Nella tarda serata di martedì l’Egitto ha autorizzato l’ingresso dalla Striscia di Gaza di 50 pazienti palestinesi e 84 accompagnatori, trasferiti negli ospedali del Sinai settentrionale, in particolare ad Al-Arish, dove le strutture sanitarie erano in stato di massima allerta. Si tratta di feriti di guerra e malati cronici le cui condizioni sono peggiorate con il collasso del sistema sanitario di Gaza, ormai privo di medicinali, attrezzature e personale. I numeri restano però largamente insufficienti. Secondo l’Organizzazione mondiale della sanità, dalla riapertura limitata del valico di Rafah si sono registrate solo cinque evacuazioni mediche, con sette accompagnatori, a fronte di almeno 18.500 persone che necessitano di cure fuori dalla Striscia, molti dei quali bambini. Il direttore generale dell’Oms, Tedros Adhanom Ghebreyesus, ha chiesto la riapertura immediata dei corridoi sanitari anche verso la Cisgiordania, inclusa Gerusalemme Est. Sul terreno i transiti restano irregolari. Fonti palestinesi riferiscono che ieri solo dodici persone sono riuscite a rientrare a Gaza dall’Egitto, mentre trenta palestinesi sarebbero stati respinti dopo essere stati fermati e interrogati nei pressi del valico, con il sequestro dei loro effetti personali. Hamas accusa Israele di “limitare fortemente” l’ingresso di aiuti umanitari, carburante e gas, nonostante l’avvio della seconda fase del cessate il fuoco mediato dagli Stati Uniti. “Con il peggioramento delle condizioni meteo, la situazione degli sfollati nelle tende sta diventando catastrofica”, ha dichiarato il portavoce Hazem Qassem.
Ong: rischio di sfollamento forzato
Le organizzazioni umanitarie avvertono del rischio di uno sfollamento forzato.

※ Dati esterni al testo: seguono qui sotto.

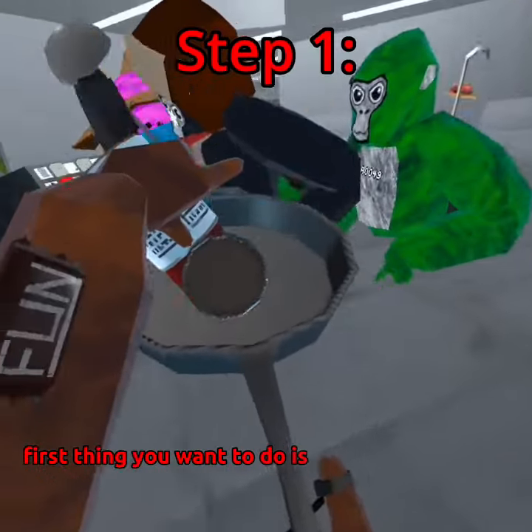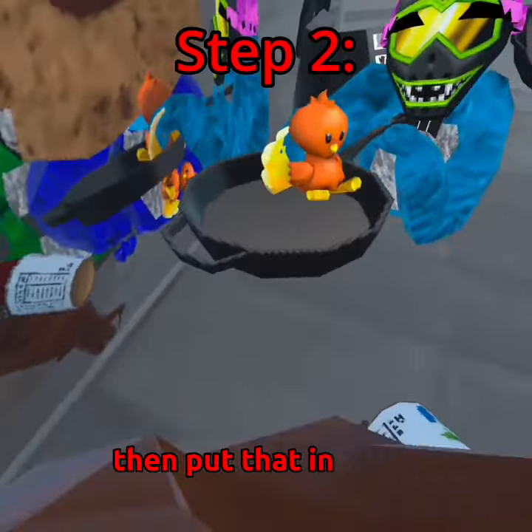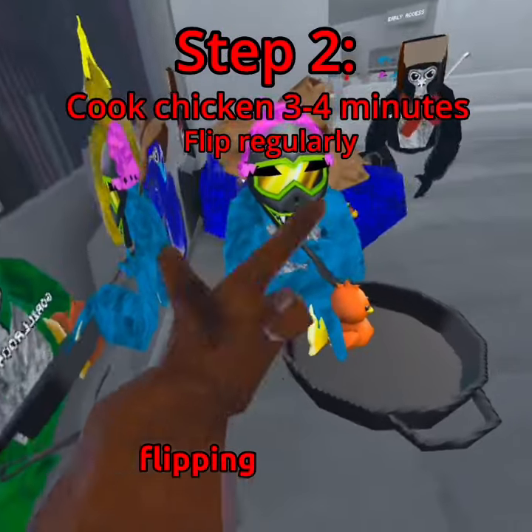First thing you want to do is grease up your pan, get it nice and greasy. Put that in there and cook it for three to four minutes, flipping regularly.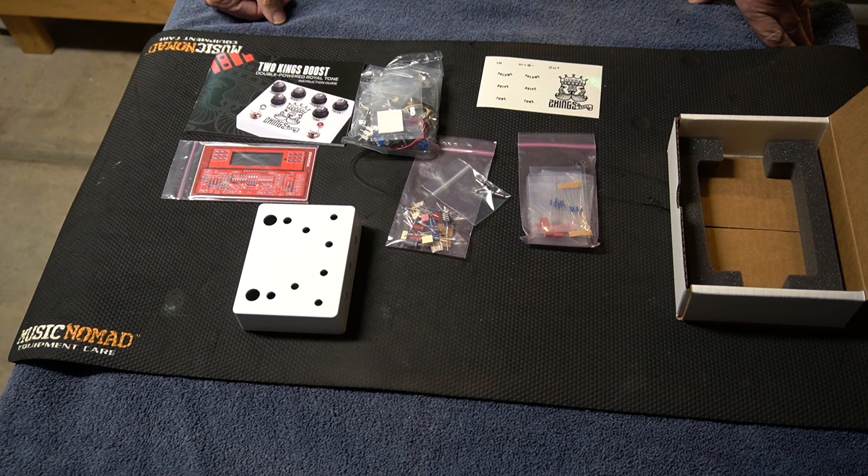We're going to go through populating the board, doing all the soldering, and all the way through ops checks and tone tests with this pedal kit. So stick around. Thank you very much for stopping by the channel — please click like, click subscribe if you like what I'm doing, and leave a comment below. I'd like to see your comments on this particular build and what we'll be doing in the next couple of videos. I'd also like your feedback on things you'd like to see different or additions to the channel. Until next time, take care.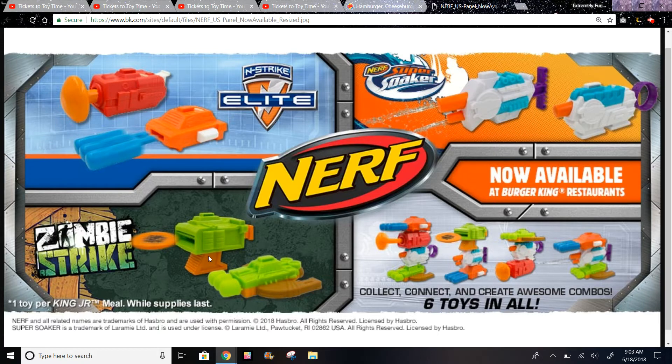Maybe they'll give you like two or three discs in case it gets lost. They might also give targets out of paper. McDonald's has also had Nerf toys in the past. And then this one looks like you might squeeze it and these will shoot out.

ActionAid denuncia che, senza un accesso sicuro e su larga scala, Rafah rischia di diventare “uno strumento di pulizia etnica”. Secondo le stime, circa 20.000 persone necessitano di cure all’estero e oltre un migliaio sarebbe morto negli ultimi mesi in attesa di evacuazione.
Albanese: Gaza non è una “riviera”
Sul piano politico, a Roma la relatrice speciale delle Nazioni Unite sui Territori palestinesi occupati, Francesca Albanese, ha presentato alla Camera il rapporto Genocidio a Gaza: un crimine collettivo. Intervenendo sul piano di ricostruzione promosso dagli Stati Uniti, Albanese ha affermato che “non si ricostruisce niente su fosse comuni, non si ricostruisce niente su una scena del crimine”, aggiungendo che parte di Gaza dovrebbe diventare un memoriale. Ha inoltre annunciato un futuro studio sull’“ecocidio”, legato alla contaminazione ambientale causata dalla guerra.
Netanyahu incontra Witkoff, sullo sfondo Iran e sicurezza
Intanto a Gerusalemme è in corso il confronto tra il primo ministro israeliano Benjamin Netanyahu e l’inviato speciale statunitense Steve Witkoff, arrivato in Israele in vista di successivi colloqui con Teheran. Secondo indiscrezioni, Netanyahu starebbe sollecitando Washington a mantenere una linea dura nei negoziati con l’Iran. Al tavolo sono presenti anche i vertici della sicurezza israeliana. Sempre in Israele, i media riferiscono che sarà presentato un atto d’accusa contro Bezalel Zini, fratello del capo dello Shin Bet, nell’ambito di un’inchiesta su un presunto traffico illecito di merci verso Gaza. Zini e altri sospettati sono accusati di contrabbando di sigarette e di trasferimento di beni potenzialmente utilizzabili per fini terroristici. La difesa ha contestato la diffusione dei nomi degli indagati, sostenendo che possa metterli in pericolo.
La Spagna condanna i bombardamenti e chiede il rispetto della tregua
Sul fronte diplomatico, la Spagna ha condannato duramente i bombardamenti israeliani sulla Striscia, parlando di “centinaia di morti” e chiedendo il pieno rispetto del cessate il fuoco e del diritto internazionale umanitario. Madrid ha ribadito il proprio sostegno a una soluzione politica basata sui due Stati, invitando tutte le parti a evitare ulteriori escalation in una fase già estremamente fragile.